A parallel approach to data-centric routing is to adopt data-centric storage, which is aimed at large-scale networks with many simultaneously detected events that are not necessarily desirable for all users [101,102]. The idea is similar to distributed hash tables on the Internet [103–106]. A producer leaves data on rendezvous nodes for consumers to retrieve. Thus data across space and time can be aggregated at rendezvous nodes. In geographical hash tables (GHTs) [102], data are hashed by their data type to geographical locations. The nodes close to the hashed location serve as rendezvous nodes. Data and query delivery to the rendezvous nodes is implemented by geographical routing such as GPSR [41].

GHTs have greatly reduced the communication cost and energy consumption by avoiding network-wide flooding for information discovery. Their simplicity is also very appealing. However, the basic GHT scheme does not have *distance sensitivity*. In particular, if the producer is actually close to the data producer (although neither has knowledge of the other), we would like the data consumer to discover the data producer quickly. This is an attractive property in many applications, as information will be most useful, thus queried more frequently, in the spatiotemporal locale where it was collected.

In the study of Funke *et al*. [107], a discrete centre hierarchy [108] is built for distance-sensitive retrieval. The hierarchy is composed of clusters with a parent cluster, including all children clusters. A data item is hashed and stored at certain other nodes, called the *data servers*, chosen from nearby clusters and fewer servers in far-away but large clusters. The retrieval scheme starts to search in the local neighbourhood until it discovers a nearby data server. The total cost is proportional to the distance to the producer.

#### (ii) Double rulings

As data delivery from data source to a rendezvous node is implemented by multi-hop routing, it is natural to leave information hints along the trail that the data travel on, at no extra communication cost. A basic *double-rulings* scheme works as follows: data or data pointers are stored at nodes that follow a *replication curve*, while a data request travels along a *retrieval curve*. The crucial property is that any retrieval curve intersects the replication curve for the desired data. Thus successful retrieval can be guaranteed.

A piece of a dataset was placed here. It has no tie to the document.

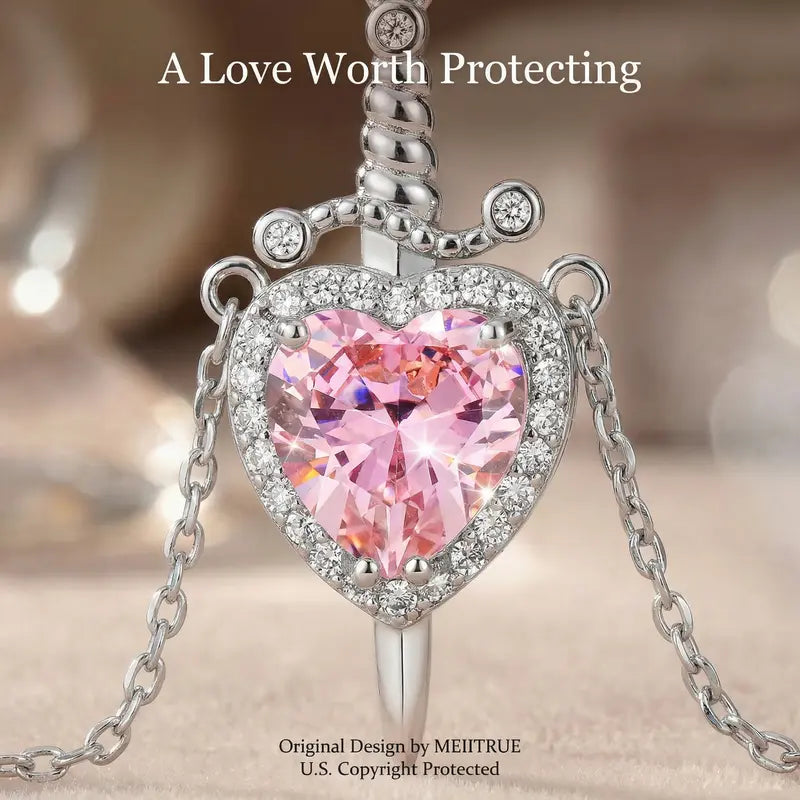 Shared Bond Heart & Sword Necklace Set. Keep One Share One, 14K Gold Plated CZ Pendant Jewelry Gift for Best Friends Sisters Couples & Loved Ones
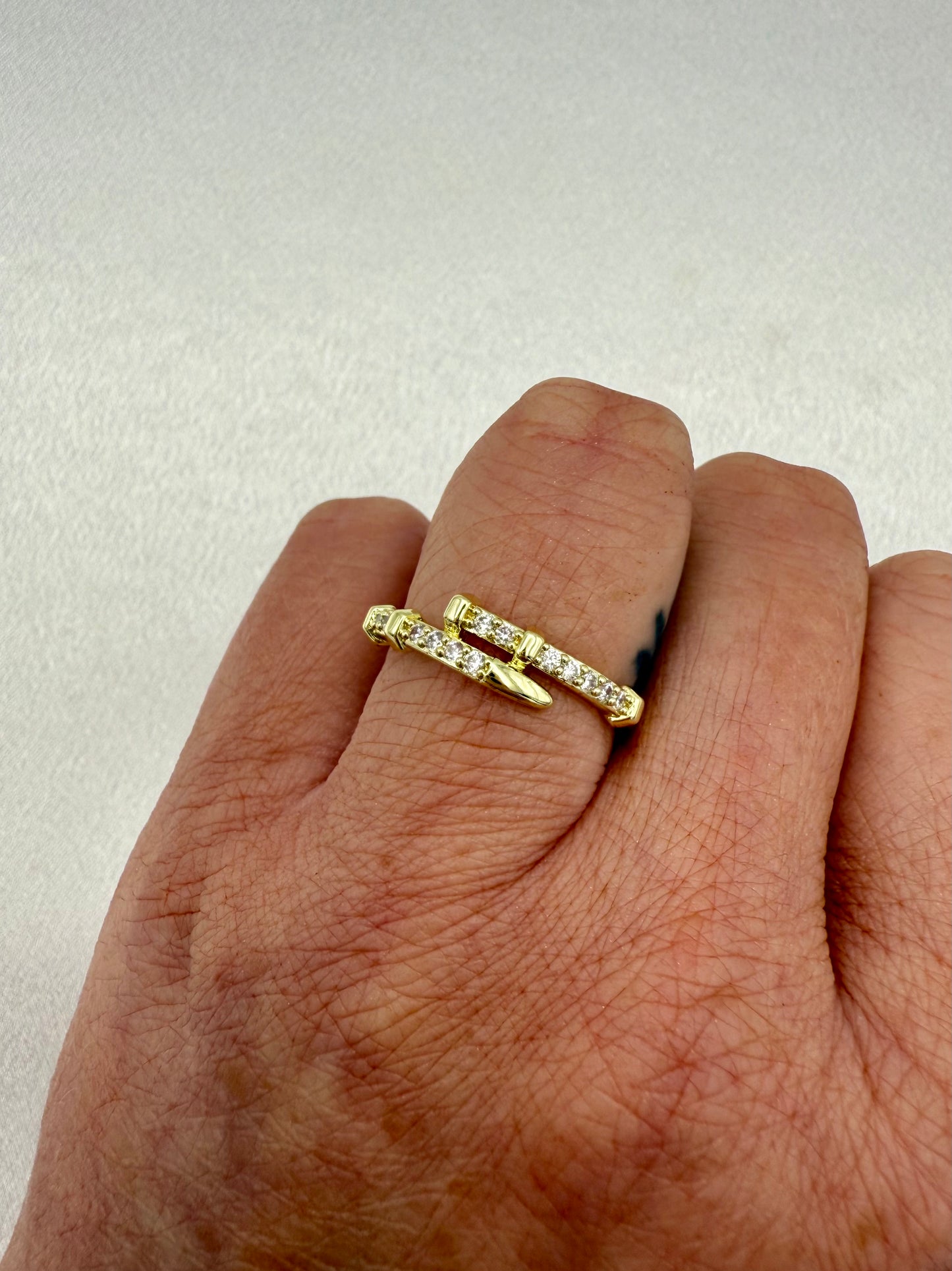 18K Gold Plated Cubic Zirconia Nail Bracelet & Ring Set – Cartier Style Elegance with Modern Edge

For an easy case, assume that the network is a two-dimensional grid. The information storage curves follow the horizontal lines. The information retrieval curves follow the vertical lines. We name this scheme *rectilinear double rulings* [109–111]. The spherical double-rulings scheme [112] has both GHTs and rectilinear double rulings as special cases. It considers the sensor field as the stereographic projection of a sphere, and the producer curve is a circle through the producer and the hashed location, which—in a stereographic projection—maps to the great circle of a sphere. Both double-rulings schemes are distance-sensitive—if the producer and consumer are distance *d* apart, the producer can find the data with cost *O*(*d*). The spherical double-rulings scheme also has many good properties as it allows natural data aggregates, supports range queries and is robust to node failures.

Double-rulings schemes can also be defined in the virtual coordinates space [113] or in a probabilistic manner (as in rumour routing [114]).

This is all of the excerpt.